Consider any valid sequence of push and pop . The following must be true:

• There are as many push es as pop s. Otherwise, we'd get a stackoverflow or keep a cart in the spur forever.
• No cart can be pop ed before it was push ed.

And now consider the well known properties of bracketed sequences like (())()() . They have the same rules:

• There are as many ( as ) .
• There is no ) that precedes its corresponding ( .

So, if we replaced pop s and push es with ( and ) , we'd get a bracketed sequence.

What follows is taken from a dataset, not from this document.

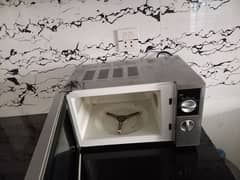 microwave oven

As we are aware of, the number of such sequences are the Catalan Numbers

As a Dynamic Programming lover, my solution is a little different from Agnishom's.

Let $dp(i)$ be the number of permutations we can have for $i$ carts. Clearly, $dp(0) = dp(1) = 1$ . For $i>1$ , we have the following recurrence relation,

$dp(i)=\sum_{j=0}^{i-1} dp(j) * dp(i-j-1)$

Why does this work? When we added another element, consider the moment it goes to the right track. if it is on the $j^{\text{th}}$ position (0-indexed) that means there are $j$ elements infront of it and they have $dp(j)$ number of permutations which we have already compute. Similarly, behind it will have $i-j-1$ elements with $dp(i-j-1)$ number of permutations.